§ WHAT THE EXERCISE ASKS
From the records below, transcribe exactly the lines that begin at the line with "A hotel room" and end at the line with "Crispy pieces of", both included.

§ DATA TO USE
• • • •
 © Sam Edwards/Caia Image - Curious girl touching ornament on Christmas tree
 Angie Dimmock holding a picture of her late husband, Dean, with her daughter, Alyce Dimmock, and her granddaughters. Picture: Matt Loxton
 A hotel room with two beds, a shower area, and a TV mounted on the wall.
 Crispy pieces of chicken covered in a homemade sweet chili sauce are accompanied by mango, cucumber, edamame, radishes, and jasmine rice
• • • •
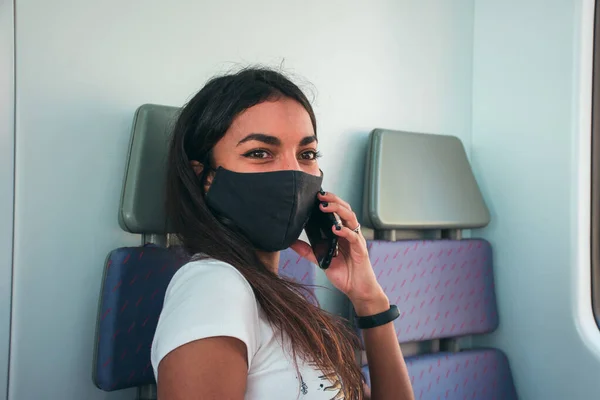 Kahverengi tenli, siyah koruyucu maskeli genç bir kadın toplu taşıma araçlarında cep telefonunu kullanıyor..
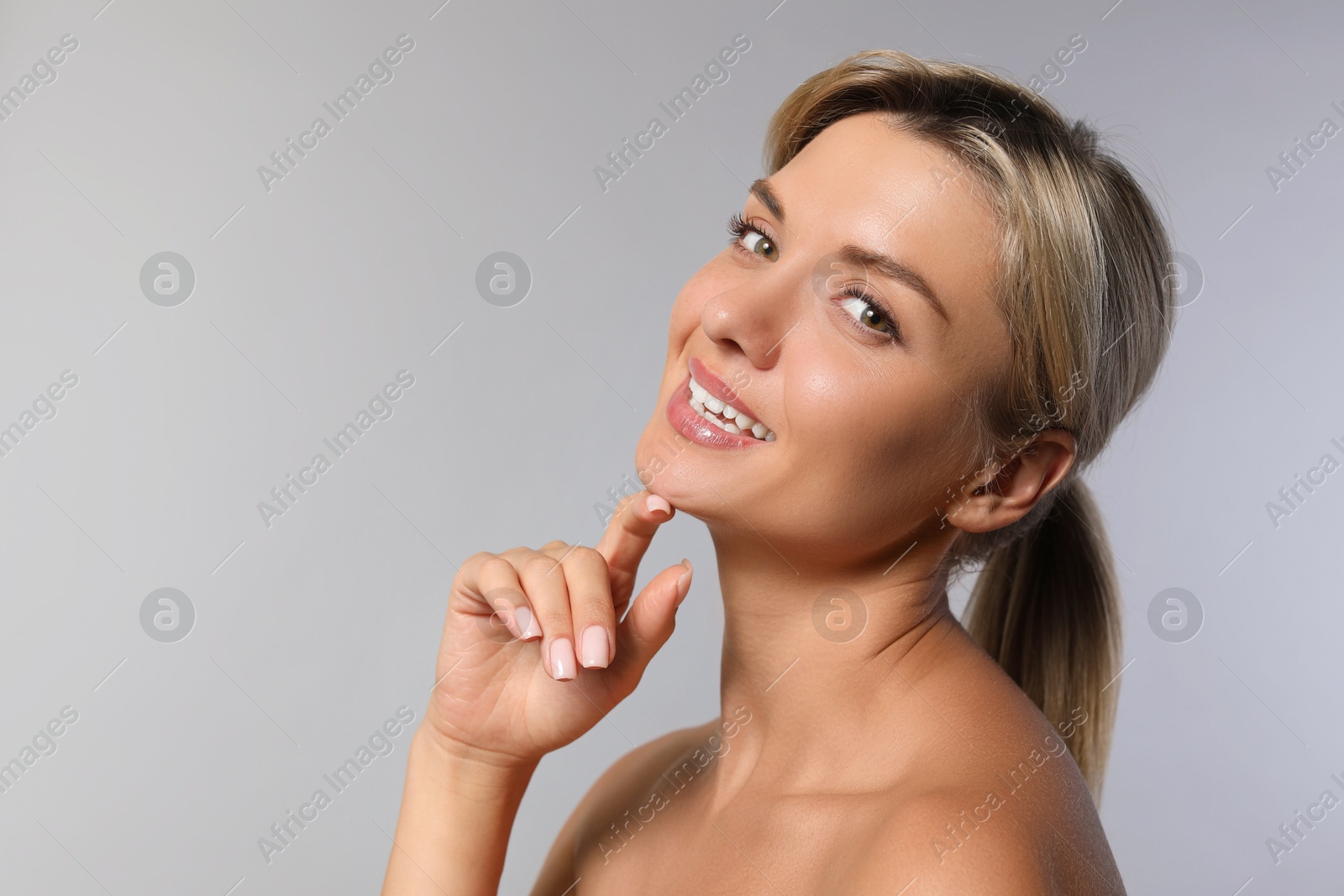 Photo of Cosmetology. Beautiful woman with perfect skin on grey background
• • • •
§ RESPONSE TO THIS EXERCISE
 A hotel room with two beds, a shower area, and a TV mounted on the wall.
 Crispy pieces of chicken covered in a homemade sweet chili sauce are accompanied by mango, cucumber, edamame, radishes, and jasmine rice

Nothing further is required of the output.